Please ignore the "walked 7 miles to school uphill both ways" nature of my post, but Richard brought up a few factors above that help support my theory that 2004 was one of FIRST's best games from both a participant and spectator's point of view:
- Projectiles are always super fun! Great for spectators and the element of unpredictability is exciting.
- Ending hanging points, and subsequent defense of the hanging bar, caused some of the most intense match endings I've ever personally witnessed.
- Autonomous mode was still somewhat in its infancy, but the great drop of kickballs was exciting (especially for teams that built giant funnels).
- The raise in platforms was a distinct design challenge for many teams.
- The high goals and low goals, and the 2x doubler ball, gave an opportunity to teams of all levels to build a robot that could contribute on the field.
...and finally, my favorite aspect:
- A really wide range of designs could effectively play the game. Funnels, hangers from the floor, defensive hangers (these were awesome), 2x ball manipulators, quick driving defensive bots with last-second hangs, and even a few robots that could do almost all of the tasks.

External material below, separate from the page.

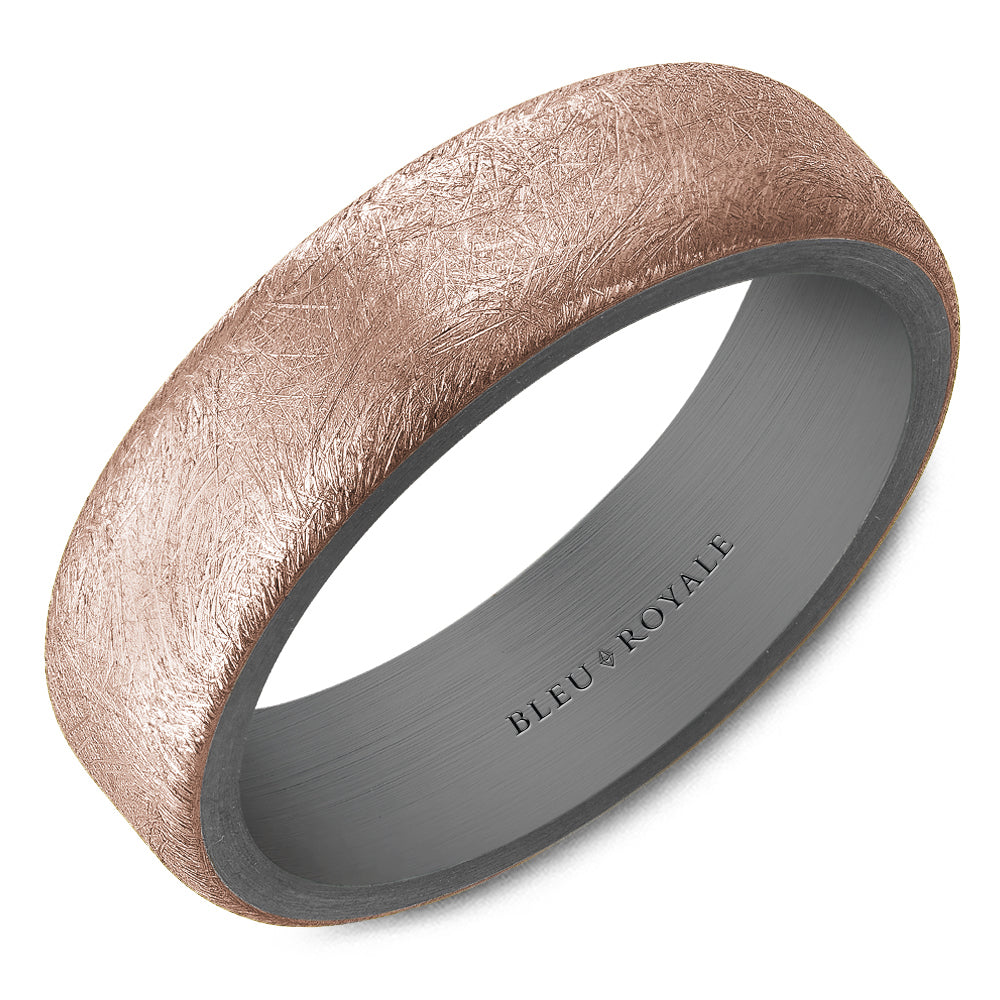 Bleu Royale Wedding Band 6.00mm 14k/Tantalum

Having been on a GDC, designing games is hard. SO hard. Designing a game with a lot of the above points without it being too "busy", or having too many tasks for one team to complete, is harder. Designing a game where all levels of team experience can contribute to the gameplay is harder still. And on it goes. My hat remains off to all GDC members across all competitions, because it is truly a tough job to get just right.
tl;dr: 2004 remains my personal perfect mix of excited spectators, a unique spread of robots, excellent visual gameplay, good scoring spread among tasks, and being an interesting engineering challenge. YMMV. If you aren't familiar or haven't watched videos, you should check it out.